Said is from Azerbaijan. Born into a family with Christian parents, he came to Christ at the age of 12. Later he started serving in his church's youth group and eventually had opportunities to preach by the time he reached 18 years of age. Said told us that he dreamed God would give him a chance to study so he can serve more effectively in his home country. He says many families there are experiencing tremendous difficulties. He looks forward to applying his training soon!
Murat is one of the few students from a persecuted country actually born into a Christian family. He is part of a large family and his parents would get up very early every Sunday morning to put all of their kids in their car and drive across the border to a different country for church. There were no churches in their area that they knew of but there was more religious freedom across the border. Then one Sunday they were told they couldn't cross the border. They had been black listed, someone had caught on to why they were leaving the country, and they would no longer be able to attend church.
That didn't stop this family however. They started a home church and eventually several families were coming to their home for church. Now Murat and one of his siblings have devoted their lives to serving Christ both aspiring to be missionaries in their home country.

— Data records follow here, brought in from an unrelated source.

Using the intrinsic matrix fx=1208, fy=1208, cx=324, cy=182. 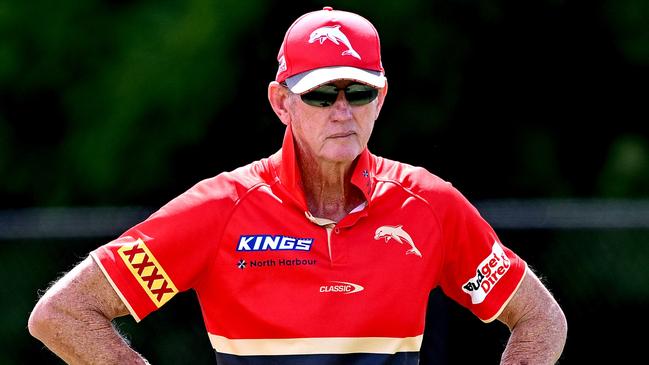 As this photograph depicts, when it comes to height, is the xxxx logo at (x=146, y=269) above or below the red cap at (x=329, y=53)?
below

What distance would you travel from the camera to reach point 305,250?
3.62 metres

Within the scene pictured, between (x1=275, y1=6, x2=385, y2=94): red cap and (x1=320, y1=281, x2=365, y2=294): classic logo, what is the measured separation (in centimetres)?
58

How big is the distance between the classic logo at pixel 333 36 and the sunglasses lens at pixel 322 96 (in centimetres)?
12

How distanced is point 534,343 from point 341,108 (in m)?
0.96

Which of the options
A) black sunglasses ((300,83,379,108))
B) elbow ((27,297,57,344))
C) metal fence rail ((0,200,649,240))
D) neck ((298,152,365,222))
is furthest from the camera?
metal fence rail ((0,200,649,240))

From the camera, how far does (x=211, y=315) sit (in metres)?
3.66

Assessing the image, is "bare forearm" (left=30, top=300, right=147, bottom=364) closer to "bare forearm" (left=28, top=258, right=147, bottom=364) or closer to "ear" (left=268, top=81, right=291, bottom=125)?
"bare forearm" (left=28, top=258, right=147, bottom=364)

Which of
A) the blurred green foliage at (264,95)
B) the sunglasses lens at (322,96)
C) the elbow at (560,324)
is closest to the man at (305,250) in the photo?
the sunglasses lens at (322,96)

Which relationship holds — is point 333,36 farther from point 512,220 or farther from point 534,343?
point 512,220

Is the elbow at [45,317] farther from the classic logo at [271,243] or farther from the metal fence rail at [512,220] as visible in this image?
the metal fence rail at [512,220]

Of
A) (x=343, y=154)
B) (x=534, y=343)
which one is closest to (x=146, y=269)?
(x=343, y=154)

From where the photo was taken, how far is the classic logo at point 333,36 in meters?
3.57

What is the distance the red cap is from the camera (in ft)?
11.6

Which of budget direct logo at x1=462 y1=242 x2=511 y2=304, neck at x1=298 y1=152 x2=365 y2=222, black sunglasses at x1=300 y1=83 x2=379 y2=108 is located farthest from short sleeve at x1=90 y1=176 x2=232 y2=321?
budget direct logo at x1=462 y1=242 x2=511 y2=304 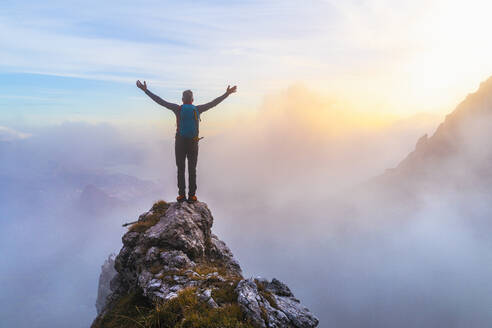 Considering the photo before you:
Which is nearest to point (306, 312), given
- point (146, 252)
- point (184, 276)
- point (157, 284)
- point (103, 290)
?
point (184, 276)

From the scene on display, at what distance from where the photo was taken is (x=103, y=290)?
171 metres

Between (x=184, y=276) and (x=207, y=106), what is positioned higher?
(x=207, y=106)

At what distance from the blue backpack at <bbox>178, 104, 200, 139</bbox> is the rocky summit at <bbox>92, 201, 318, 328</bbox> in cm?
458

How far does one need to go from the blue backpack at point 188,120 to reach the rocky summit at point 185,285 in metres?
4.58

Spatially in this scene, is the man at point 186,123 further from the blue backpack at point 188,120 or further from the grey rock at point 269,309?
the grey rock at point 269,309

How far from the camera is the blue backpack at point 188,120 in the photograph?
15.5 metres

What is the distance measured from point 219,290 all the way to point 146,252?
6.16 metres

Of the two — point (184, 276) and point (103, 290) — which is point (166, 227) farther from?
point (103, 290)

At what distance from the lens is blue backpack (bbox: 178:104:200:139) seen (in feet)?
51.0

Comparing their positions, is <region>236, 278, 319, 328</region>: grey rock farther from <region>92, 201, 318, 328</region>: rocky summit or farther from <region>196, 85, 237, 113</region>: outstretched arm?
<region>196, 85, 237, 113</region>: outstretched arm

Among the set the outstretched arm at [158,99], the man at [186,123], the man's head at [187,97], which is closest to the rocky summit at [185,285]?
the man at [186,123]

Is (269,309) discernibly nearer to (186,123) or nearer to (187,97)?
(186,123)

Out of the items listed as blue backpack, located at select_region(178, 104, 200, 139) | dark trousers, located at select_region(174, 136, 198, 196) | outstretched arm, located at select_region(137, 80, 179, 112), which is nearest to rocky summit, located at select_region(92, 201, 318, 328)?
dark trousers, located at select_region(174, 136, 198, 196)

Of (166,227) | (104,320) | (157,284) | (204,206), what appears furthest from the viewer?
(204,206) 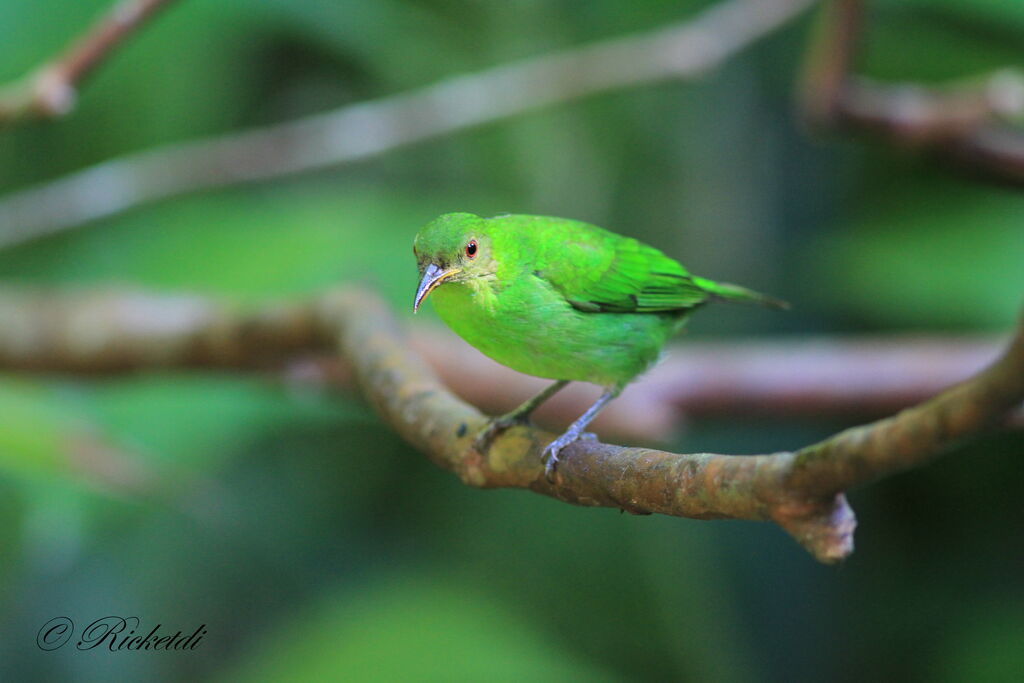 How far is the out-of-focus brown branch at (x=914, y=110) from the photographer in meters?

Lamya was raised in an Islamic country. Lamya was a nominal Muslim as was common in her country, she didn't actively practice Islam. One day she decided that she wanted to start going to Mosque. During her second trip to Mosque, she was offered the opportunity to get closer to Allah. Lamya went with these people offering closeness with Allah and was recruited to be a terrorist. In order to be accepted into this special group she had to kill a Christian. The only Christian she knew was her Uncle so she decided to kill him. The only way she knew how to do that was to get to know him better and so she went to church with him. On Lamya's second trip to church she accepted Jesus Christ as her Lord and Savior and then came to the Seminary to learn more and prepare for ministry; desiring to bring as many others to Christ as possible.
Other Graduating Students
Ministries, led by graduating students, have formed and are meeting many needs. Pictured are craft items made by women who are being helped through a sex-trafficking ministry. These women are taught skills and assisted as they reintegrate into their communities.